Dforce Hair Not Settling

So when I run a simulation on dforce hair, or hair that I have applied a dforce modifier and weight map to, most of the time, at the end of the simulation, the hair is still floating sometims a little, sometimes a lot.  This happens with both hair that comes with dforce and hair I modify myself.  I've tried lengthening the time and so it has more time to settle, I've upped the gravity to 2, still no love.

Comments

  • Try increasing friction. Absorbs energy and slows movement. May work. Regards, Richard.
  • IceDragonArtIceDragonArt Posts: 12,740

    richardandtracy said:

    Try increasing friction. Absorbs energy and slows movement. May work. Regards, Richard.

     

    Thanks!  Where would I find that particular function?  Sorry, I've been away for quite some time and am struggling a bit with the massive relearning curve.

  • Sorry, not at my machine, will try to show this evening.

    However, in words, without pictures: The co-efficient for friction is listed in the surface material parameters. Select one of the hair materials in the surfaces tab. At the top are the colour/texture/tiling parameters, and after you scroll down below that you come across the dForce parameters like weight/m^2, bend stiffness, shear stiffness etc. One of them is the co-efficient of friction. I suggest you take the figure that's there (probably 0.2 or 0.4) and double or treble the value to see if there's an effect when you simulate it again. If there is, it may be worth tweaking further up or down to get the result. Real values of the friction co-efficient would be in the range 0.1 (oiled metal on metal) to 0.8 (rubber on asphalt), but in DS you can have large and unrealistic numbers. Won't guarantee that there will be an effect, but there may be. 

    Regards,

    Richard

  • IceDragonArtIceDragonArt Posts: 12,740

    richardandtracy said:

    Sorry, not at my machine, will try to show this evening.

    However, in words, without pictures: The co-efficient for friction is listed in the surface material parameters. Select one of the hair materials in the surfaces tab. At the top are the colour/texture/tiling parameters, and after you scroll down below that you come across the dForce parameters like weight/m^2, bend stiffness, shear stiffness etc. One of them is the co-efficient of friction. I suggest you take the figure that's there (probably 0.2 or 0.4) and double or treble the value to see if there's an effect when you simulate it again. If there is, it may be worth tweaking further up or down to get the result. Real values of the friction co-efficient would be in the range 0.1 (oiled metal on metal) to 0.8 (rubber on asphalt), but in DS you can have large and unrealistic numbers. Won't guarantee that there will be an effect, but there may be. 

    Regards,

    Richard

    Thanks!  I should be able to find that without pictures.  Just wasn't sure where to look.  Appreciate it!

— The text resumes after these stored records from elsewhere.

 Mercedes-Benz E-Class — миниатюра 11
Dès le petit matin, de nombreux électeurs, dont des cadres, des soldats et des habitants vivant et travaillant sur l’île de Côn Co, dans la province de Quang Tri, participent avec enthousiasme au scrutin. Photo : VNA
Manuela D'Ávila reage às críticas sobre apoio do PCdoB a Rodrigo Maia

  • I have a few images, but have only transferred the images to a stick - should upload in 12 hours or so. Also look for damping, dynamic damping, shear & bend damping. Regards, Richard.
  • IceDragonArtIceDragonArt Posts: 12,740

    richardandtracy said:

    I have a few images, but have only transferred the images to a stick - should upload in 12 hours or so. Also look for damping, dynamic damping, shear & bend damping. Regards, Richard.

    Thank you so much!  I will play around with this as soon as I get the chance.

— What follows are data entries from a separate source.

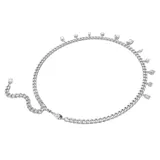 Collar plateado de cadena gruesa con cristales colgantes de diferentes formas y tamaños.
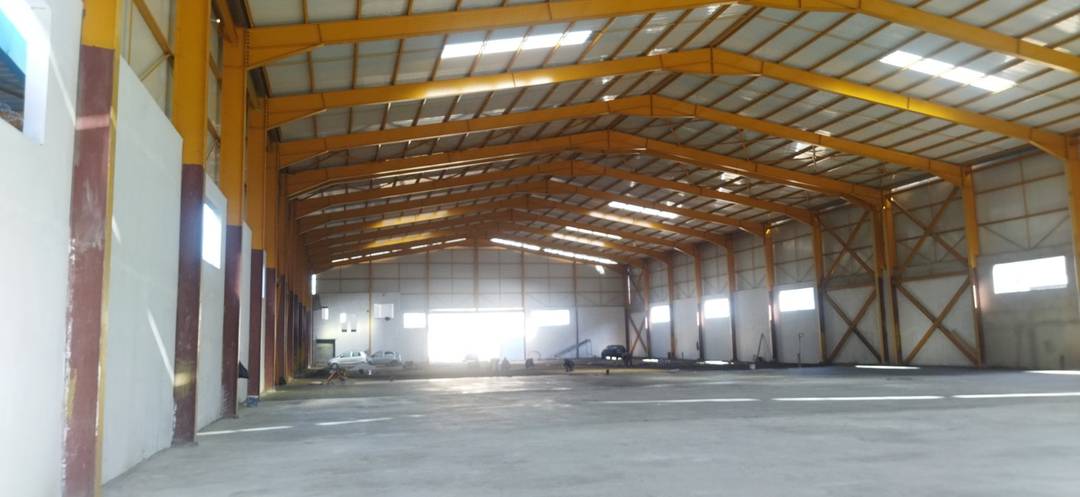 Dar Edounia loue à Zaouia Beni Tamou un Hangar de : 2856 M² couvert (en panneaux sandwichs) 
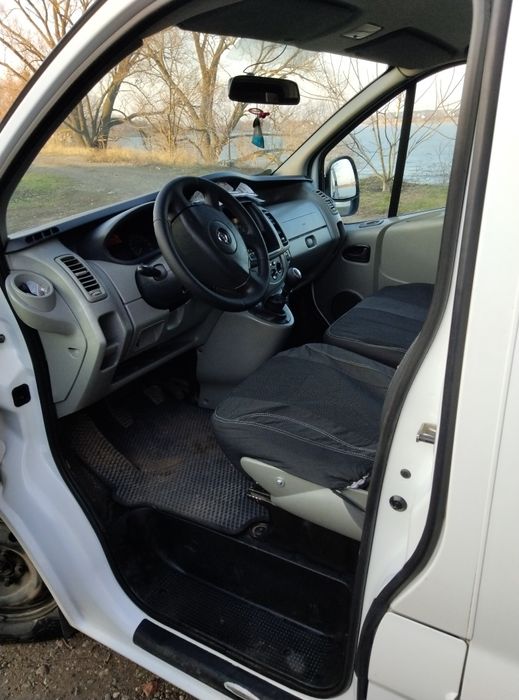 Опель віваро 2010р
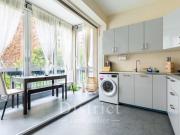 Appartement à louer à Paris 8Ème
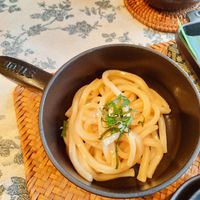 可能是炒麵、義大利麵、拉麵和文字的圖像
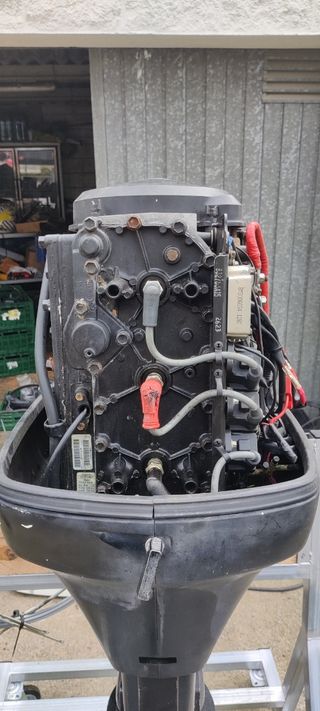 Motor fueraborda Mariner 90cv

  • richardandtracyrichardandtracy Posts: 7,089
    edited October 30

    The settings I think are pertinent are shown below using the example of the Linday 'Classic Long Wavy Hair'. Obviously, really only applicable to dForce fabric engine hair rather than the confusingly named dForce strand hair. If you're using dForce strand hair then I'm utterly lost with it.

    And after simulation (which didn't completely settle, but had very small movements between updates, I admit):

    [As an aside, I still can't get over how fast this all simulates. I'm used to doing Large Deflection Finite Element Analysis for structures - which is effectively what this is - and a 150,000 element/facet 3D surface model like this would take several hours and hundreds of iterations, but in my RTX3060 GPU, this takes under 3 minutes. Completely mind boggling.]

    Regards,

    Richard

    Hair1.jpg
    1036 x 789 - 286K
    Hair2.jpg
    469 x 455 - 81K
    Hair3.jpg
    1245 x 839 - 262K
    Post edited by richardandtracy on
  • IceDragonArtIceDragonArt Posts: 12,740

    Thank you very much!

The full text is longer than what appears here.